Now That You’re Running

So you’ve passed the first gauntlet and set up your service. Neat! Now let’s
run a successful hosting operations:

  • You need support – Sure, this may be just you, but you need someone
    dedicated during the work day to help customers in case they have problems.
  • Your customers will blame you for everything – Speaking from experience,
    hosting customers tend to like to blame the hosting provider. Be ready to
    deal with people pointing fingers at everything but their bad code.
  • Backups and disaster recovery – What happens if one drive fails? Or all
    of them? Do you have backups you can restore quickly? What about fires or
    floods? Ransomware?
  • On-Call – If you have customers that expect certain uptime levels, being
    down overnight because you’re asleep isn’t an option. You’ll need to be
    available or have someone be available to help them.
  • Hardware Upgrades – Customers might not want to run their apps on a 10
    year old processor. Do you have money set aside to upgrade things?
  • Uptime and Reliability – Your customers likely expect a high level of
    service, so you need to work to maintain that level of trust. Business
    customers especially don’t like wasting money, or even feeling like they’re
    wasting money.

Oh, and Security

This deserves it’s own section because I cannot downplay how crucial this is
going to be. Customers are going to run unpatched and insecure apps on your
servers and a few of them are probably going to get hacked. It happens,
literally, every day.

Isolation

The first thing is isolation. Not only do you need to keep this all isolated
from the rest of your house, you need to keep your customers isolated from each
other. Customers are going to run unpatched and vulnerable software and get
hacked, so it’s crucial that one customer doesn’t have the ability to compromise
the entire virtual host or other machines.

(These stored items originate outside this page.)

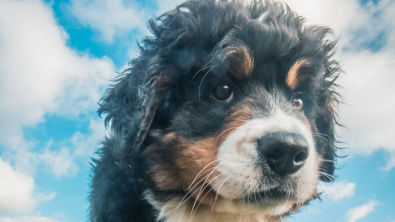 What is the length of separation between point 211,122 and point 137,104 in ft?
2.83

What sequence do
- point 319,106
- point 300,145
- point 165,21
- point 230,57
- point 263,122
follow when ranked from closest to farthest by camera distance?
point 300,145 < point 263,122 < point 230,57 < point 165,21 < point 319,106

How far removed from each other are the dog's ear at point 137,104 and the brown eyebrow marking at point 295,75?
1.35 m

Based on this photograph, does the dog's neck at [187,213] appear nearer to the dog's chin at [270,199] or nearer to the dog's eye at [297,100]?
the dog's chin at [270,199]

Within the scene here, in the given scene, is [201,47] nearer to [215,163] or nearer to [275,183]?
[215,163]

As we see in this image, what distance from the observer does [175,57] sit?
4766 mm

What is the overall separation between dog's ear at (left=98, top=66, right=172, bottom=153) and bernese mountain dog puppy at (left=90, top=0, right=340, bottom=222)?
0.5 inches

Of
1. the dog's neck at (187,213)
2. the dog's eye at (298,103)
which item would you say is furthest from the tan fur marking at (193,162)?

You also have to be very aware of the speculative execution issues lots of
processors recently had, because those have a very real and direct effect on
setups like this. Those problems can leak customer data between their VMs.

Also, containers are likely out of the question. If you give your customers
root (which you probably will if you host things as a VPS), it’s possible to
break out of a container and move into the host system. It’s not something that
is trivial, but configuration problems can make it a pretty low hurdle.

Patches and 0-Days

Keeping your setup updates is now mandatory. Every piece needs to always be up
to date, because a small foothold is all it takes for someone to gain entry.

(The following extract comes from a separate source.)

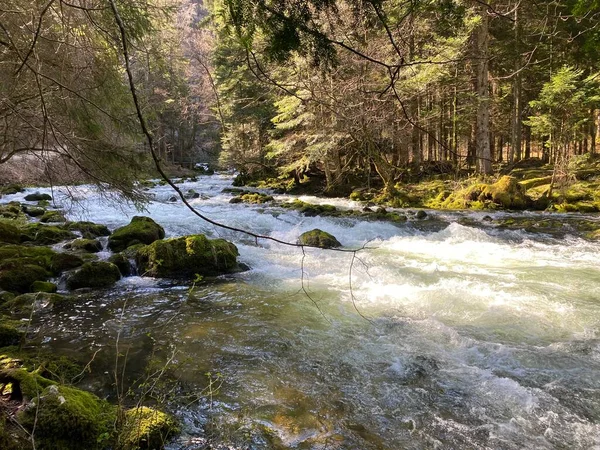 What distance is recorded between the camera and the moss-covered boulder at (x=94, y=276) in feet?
24.7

Your customers are also going to hound you for every CVE that hits the news,
even if you aren’t affected. You’ll need to review them and either update
things quickly or let them know you aren’t vulnerable.

If you are vulnerable and something gets compromised, hopefully the isolation
you setup keeps it contained to a single customer. If, say, you get your entire
host hit with a crypto locker and no backups, that’s the end of your journey.

Customer Data

You also now have data for your customers and your customers’ customers in your
equipment. Encryption at rest is mandatory, at a minimum.

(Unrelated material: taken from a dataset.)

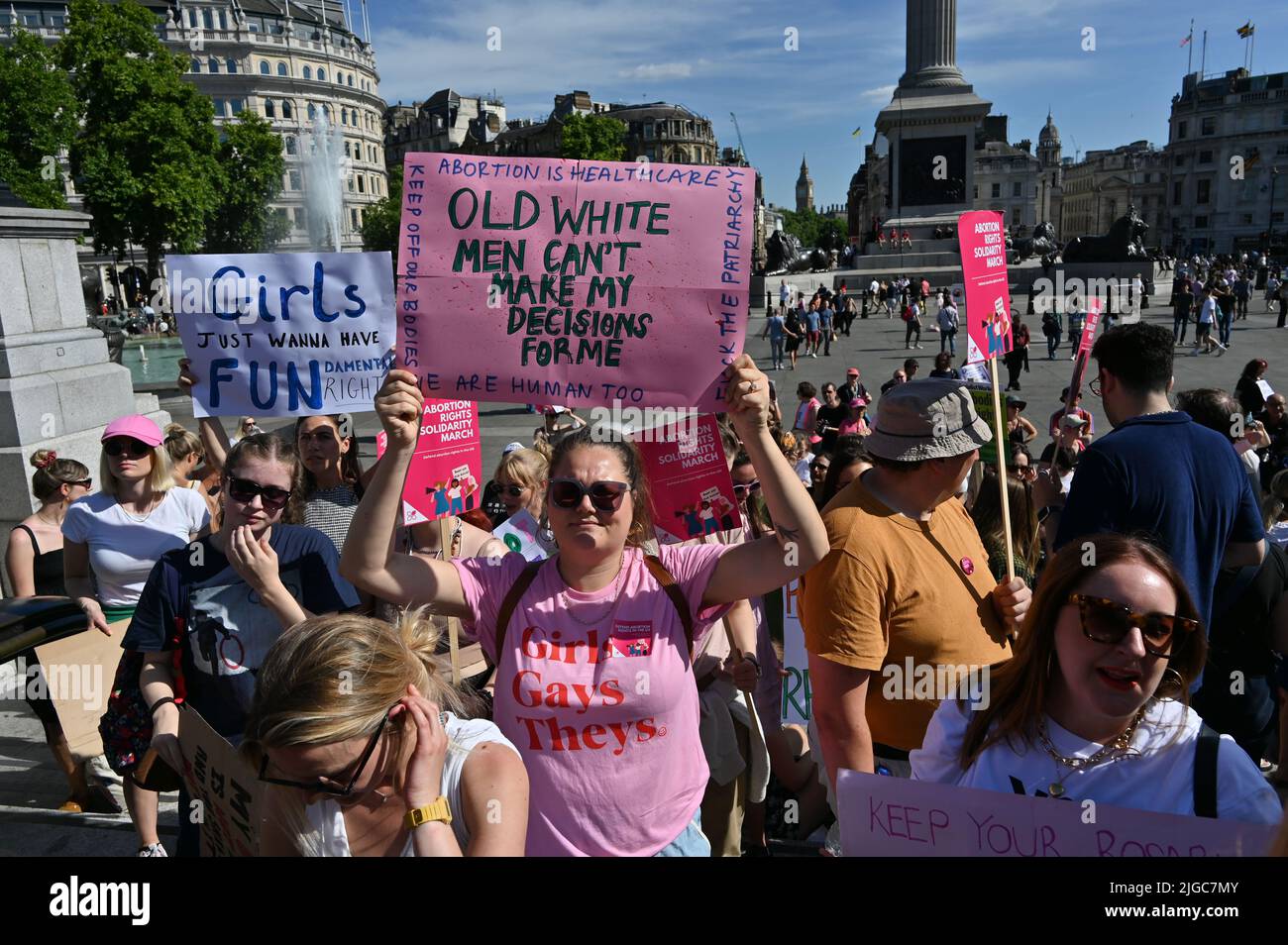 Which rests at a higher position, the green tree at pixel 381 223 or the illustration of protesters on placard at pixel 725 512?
the green tree at pixel 381 223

This is also where those fun privacy laws kick in, because you may be on the
hook for damages caused by lost or stolen customer data.

Wrapping Up

Please don’t sell space in your home server.

Some arguments can be made that by setting low expectations or hosting stuff
like game servers you can work around these issues, but the vast majority of
them still remain. Things like security need consideration regardless of what
you host.

If you’re set on using up extra CPU cycles, here are some options:

  • Host more of your stuff – Maybe you do need that extra media server or a seedbox.
  • Host stuff for friends – Friends are different because you probably trust
    them. A lot of the issues of customers taking advantage of you are mitigated
    by being friends.
  • Donate CPU cycles – Projects like BOINC and
    Folding@Home let you run workloads for academic
    research that can help other people too.
  • Downsize – I know it’s hard to talk about, but if your quad CPU, 2TB RAM
    monster can’t run because it’s too expensive and you need the money, get
    something smaller that’s better suited for your workloads.